§ TASK TO CARRY OUT:
Reproduce word for word the lines between the one containing "Fleece Camo Relaxed Fit Crewneck Sweatshirt" and the end of the entries below, both inclusive; leave out pictures.

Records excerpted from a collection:

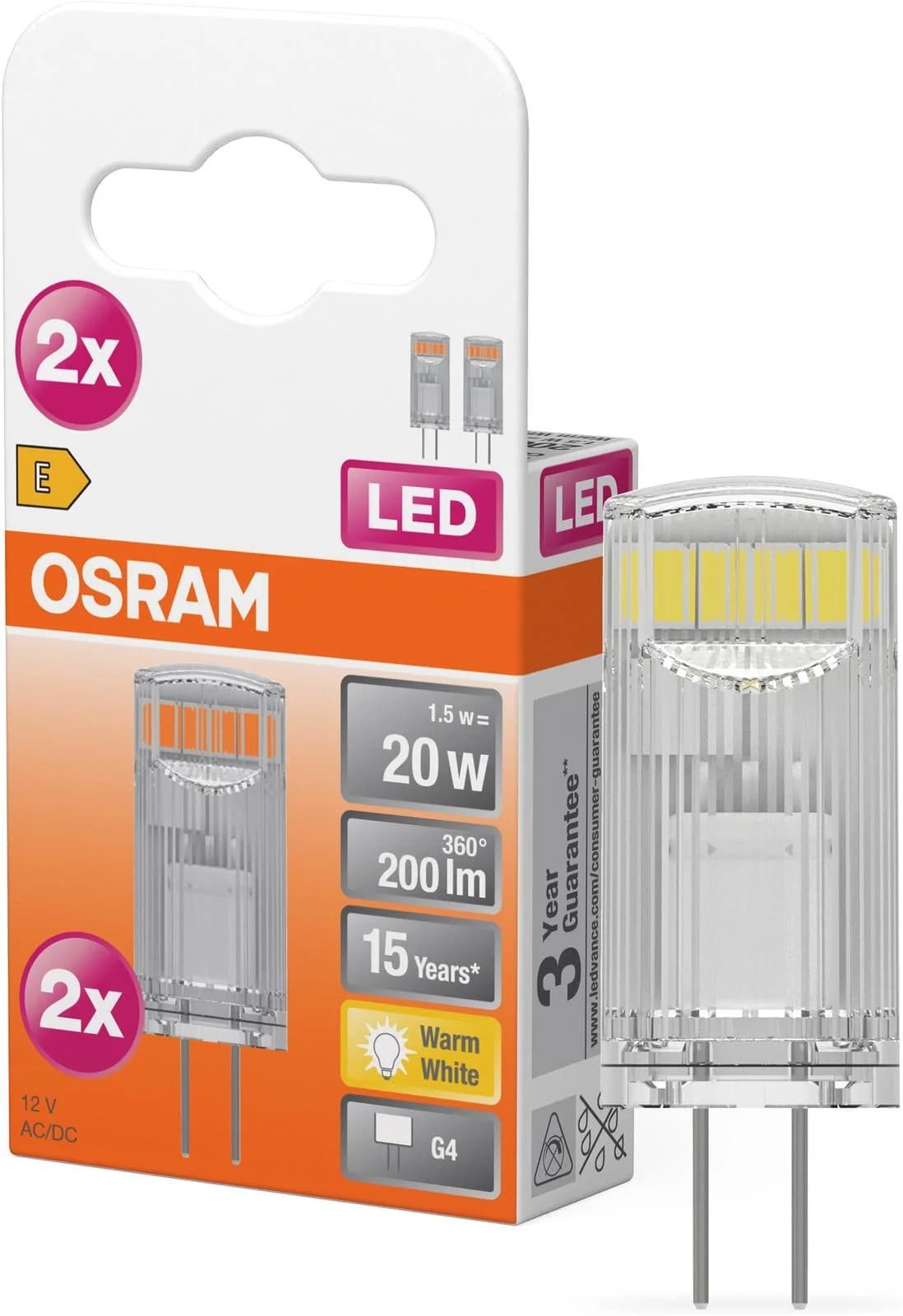 OSRAM LED-Stiftsockel G4 1,5W 2.700K klar 2er-Pack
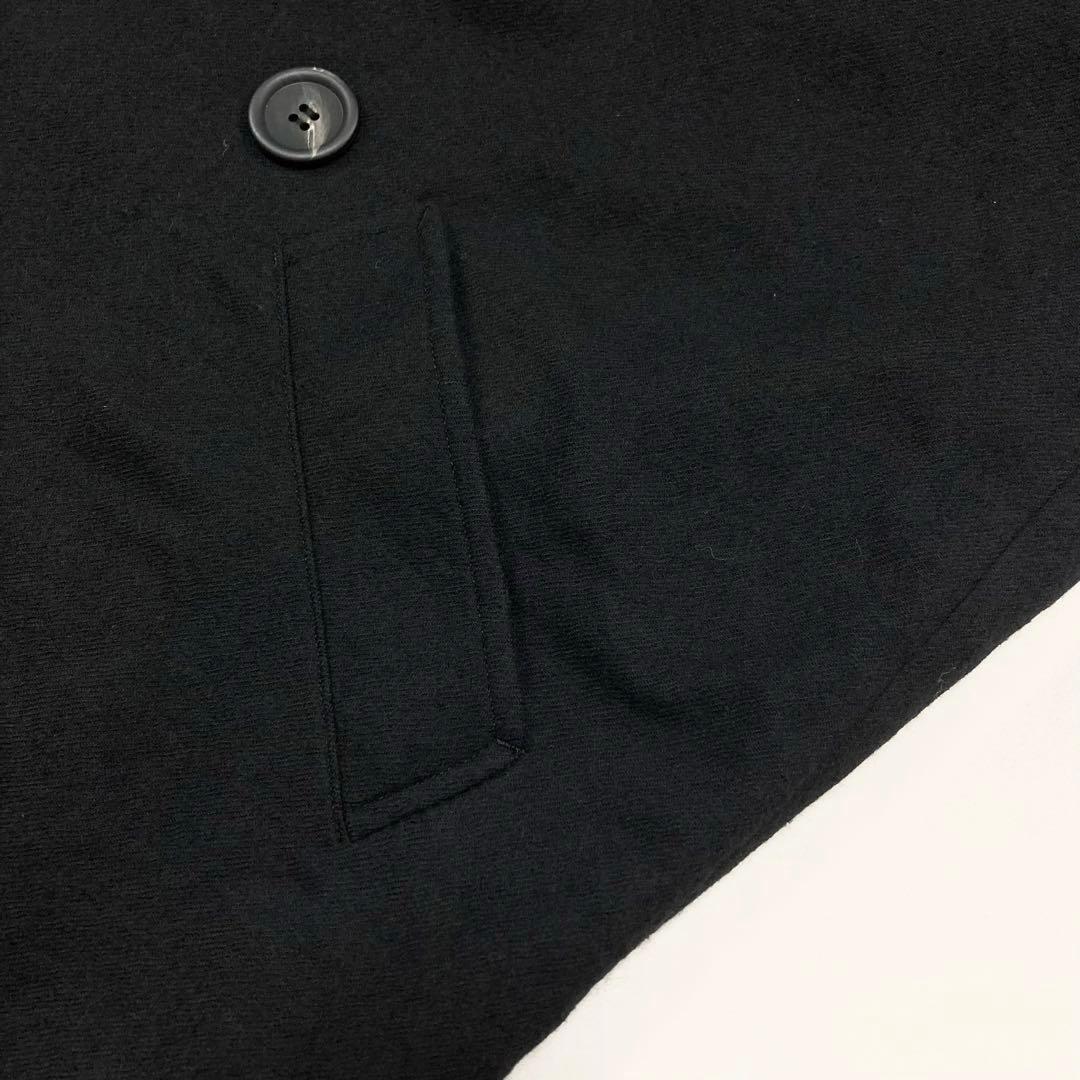 Y's ワイズ ウール ステンカラーコート 黒2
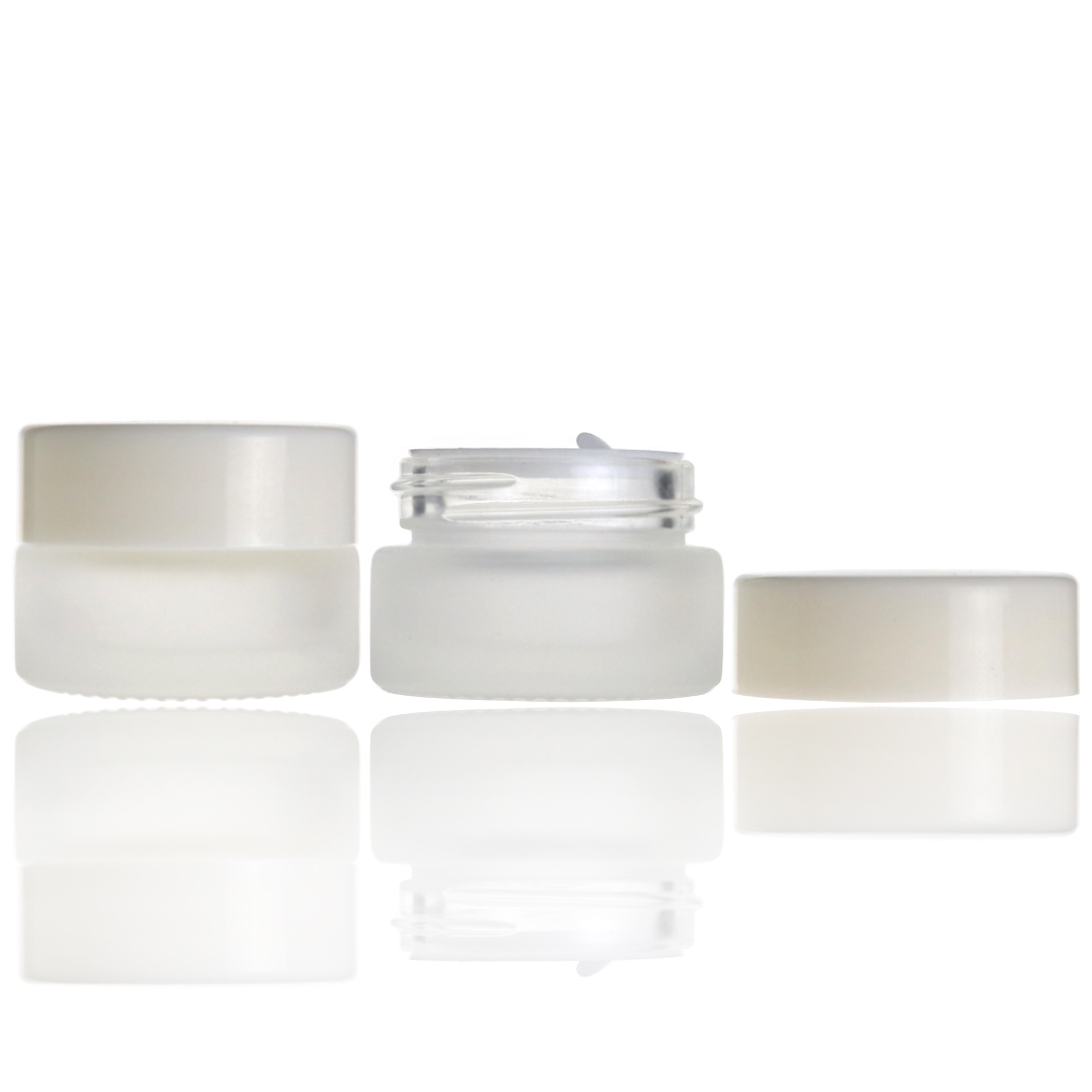 High quality matte white glass 5g cosmetic jar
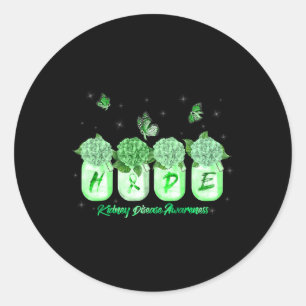 Hope Hydrangea Flower Butterfly Kidney Disease Awa Classic Round Sticker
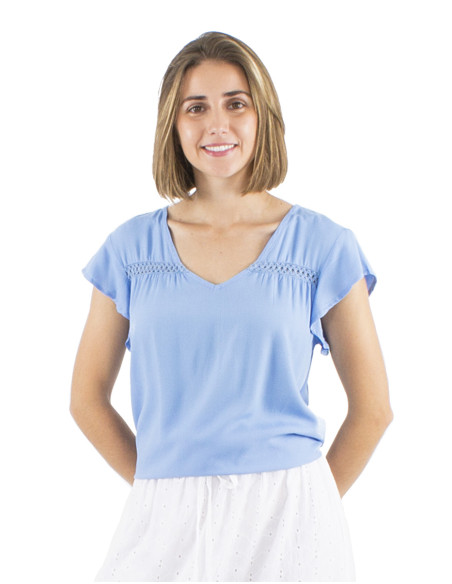 Viscose plain sleeveless blouse with v-neck and buttons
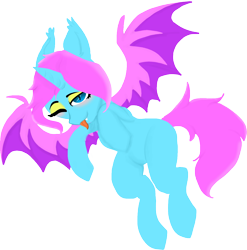 Size: 1536x1556 | Tagged: safe, artist:nootaz, oc, oc:chroma wave, flying, one eye closed, tongue out, wink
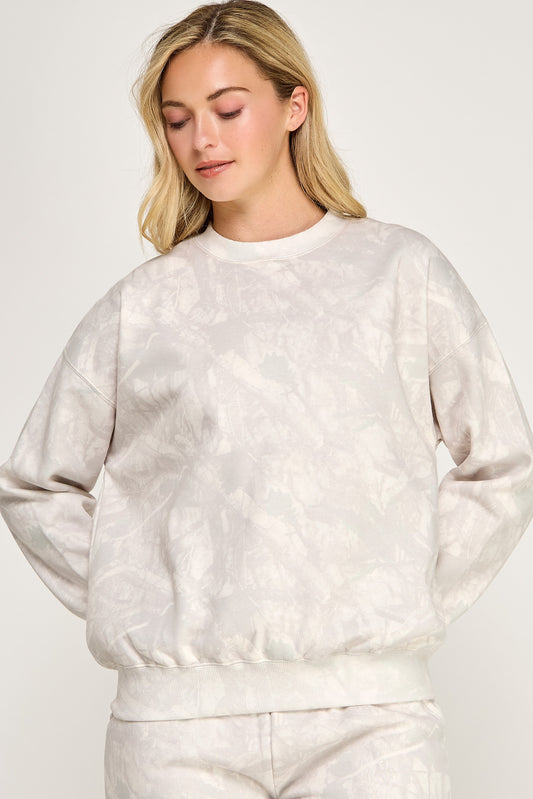 Fleece Camo Relaxed Fit Crewneck Sweatshirt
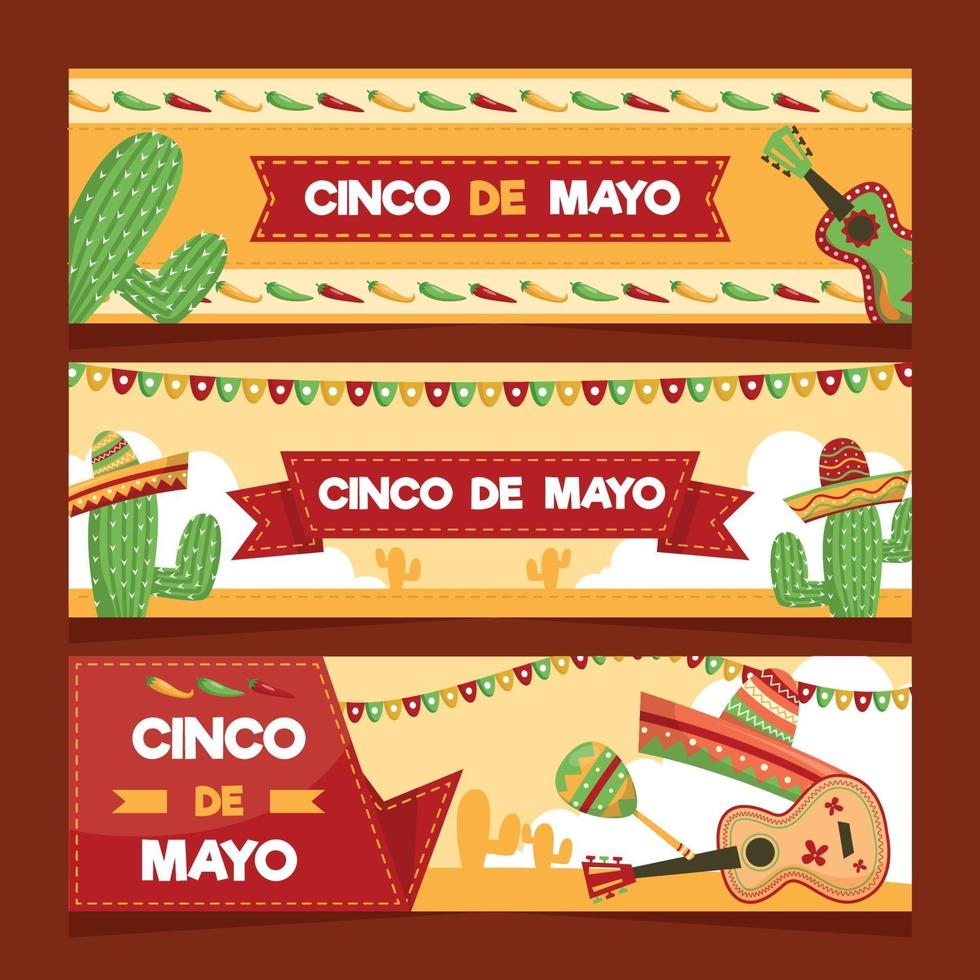 banner de celebración del cinco de mayo vector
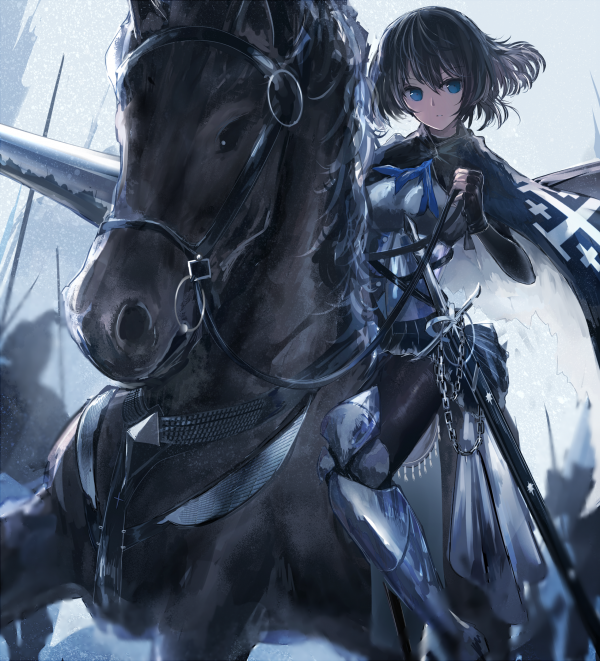 anime,anime girls,SWAV,cavallo,spada,cavaliere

§ EXERCISE RESPONSE:
 Fleece Camo Relaxed Fit Crewneck Sweatshirt
 banner de celebración del cinco de mayo vector
 anime,anime girls,SWAV,cavallo,spada,cavaliere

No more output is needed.